While the CCJ marks its 14th year in 2019, only four Caribbean countries recognise it as their final court of appeal. Why is the number of matters brought before it so small? How can the court assist the private sector?
by Kissoon Sinanan, Attorney-at-Law
Published in CONTACT Magazine
The Agreement establishing the Caribbean Court of Justice (CCJ) was signed by ten Caricom member states1 in 2001. The court was inaugurated four years later, on 16 April 2005. It was established with both original and appellate jurisdictions, pursuant to Article III of the Agreement.
So far, only Barbados, Belize, Dominica and Guyana have replaced the Judicial Committee of the Privy Council with the CCJ as their final court of appeal.
In its appellate jurisdiction, the CCJ hears and determines appeals in civil and criminal matters, as detailed under Article XXV of the Agreement2. In certain matters, appeals lie as a matter of right to all natural or juridical persons3 (comprising individuals and companies); in others, the leave of the Court of Appeal in the respective member states is required before any matter can be taken to the CCJ.
Matters which can be appealed as a matter of right include property rights, dissolution or nullity of marriage, interpretation of the constitution of a member state, and issues related to the protection of fundamental rights.4 Appeals requiring the leave of the Court of Appeal of a respective member state include decisions in any civil proceedings involving a question of great general or public importance, and such other cases as may be prescribed by any law of the contracting party.5
Private sector participation
Under the original jurisdiction, the CCJ has exclusive jurisdiction to hear and deliver judgment on disputes in which member states are involved, referrals from national courts or tribunals of member states, and applications by all natural or juridical persons for special leave to appear as parties before the CCJ.6
The CCJ also has exclusive and compulsive jurisdiction to deliver advisory opinions concerning the interpretation and application of the Revised Treaty of Chaguaramas (RTC). 7It is also clearly stated in the Agreement and the RTC that when a judgment is delivered by the CCJ, any member state, Caricom bodies, organs, entities or persons to whom the judgment applies must comply with the judgment promptly.8
It is under the original jurisdiction of the CCJ therefore that one could anticipate the increased participation of the private sector in Caricom, if only to ensure that member states abide by their obligations under the RTC with respect to the Caricom Single Market and Economy (CSME).
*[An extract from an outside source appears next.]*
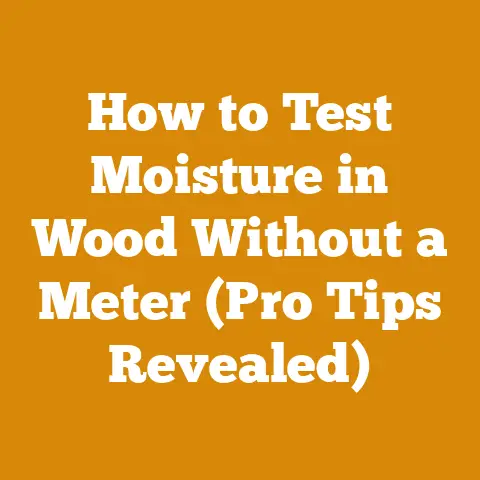 How to Test Moisture in Wood Without a Meter (Pro Tips Revealed)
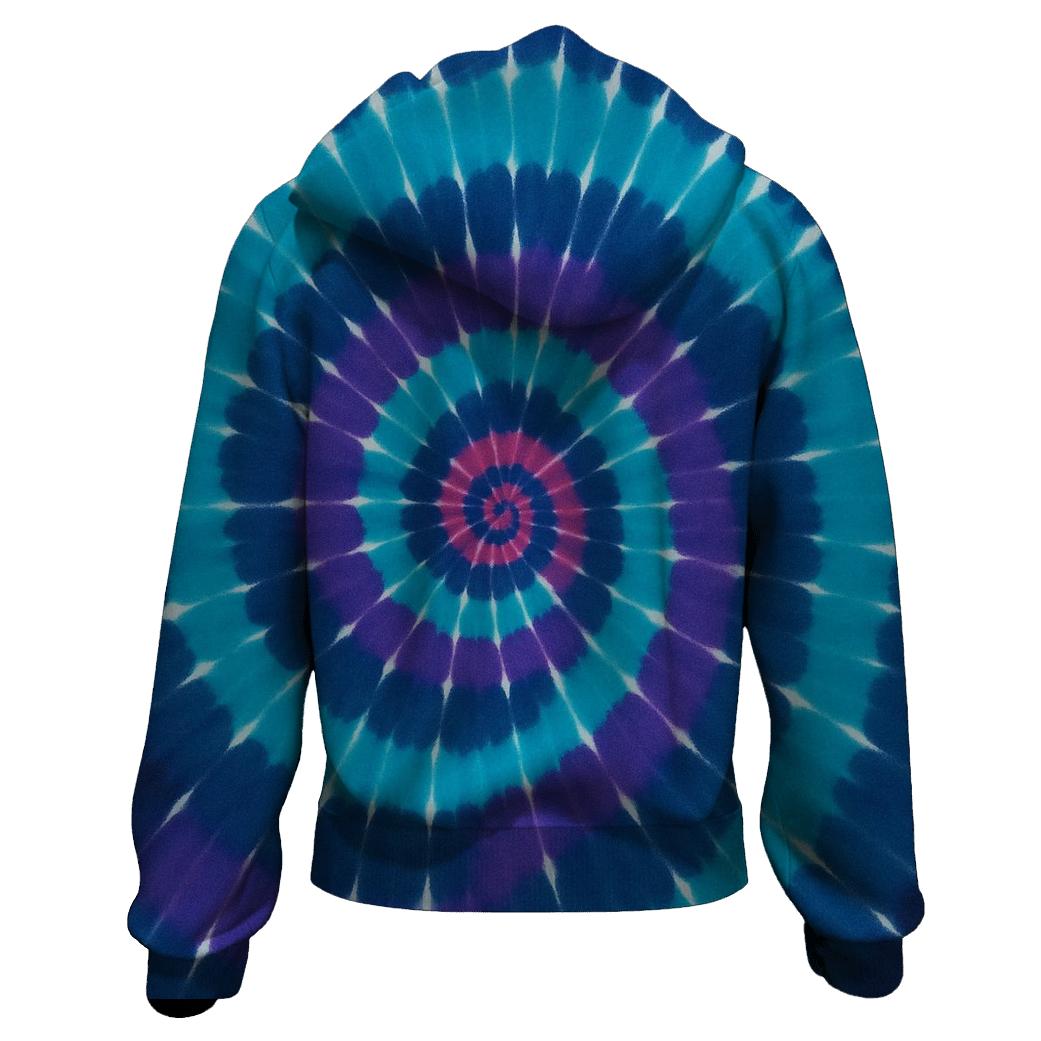 Nebula Spiral Overdye Vortex hoodies fashion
It is not surprising therefore that the majority of the decisions under the original jurisdiction of the CCJ have involved the private sector. However, the number of matters that are brought to the CCJ under the original jurisdiction are still very small compared with the matters under the appellate jurisdiction.9
Some of the reasons for this phenomenon may include the preference for government-to-government negotiation, a lack of understanding of trade matters, and a lack of understanding of member states’ rights and obligations under the RTC as well as time and costs.
Challenges for business
Prior to the CCJ, member states only discussed their private sector problems and challenges at the Council of Trade and Economic Development (COTED), and bilaterally in between COTED meetings. This practice continued for years with generally beneficial results and at no cost to the private sector. In fact, when Trinidad Cement Limited (TCL) brought the first matter to the CCJ under the original jurisdiction, there was divided opinion throughout the region about whether the company adopted the proper approach.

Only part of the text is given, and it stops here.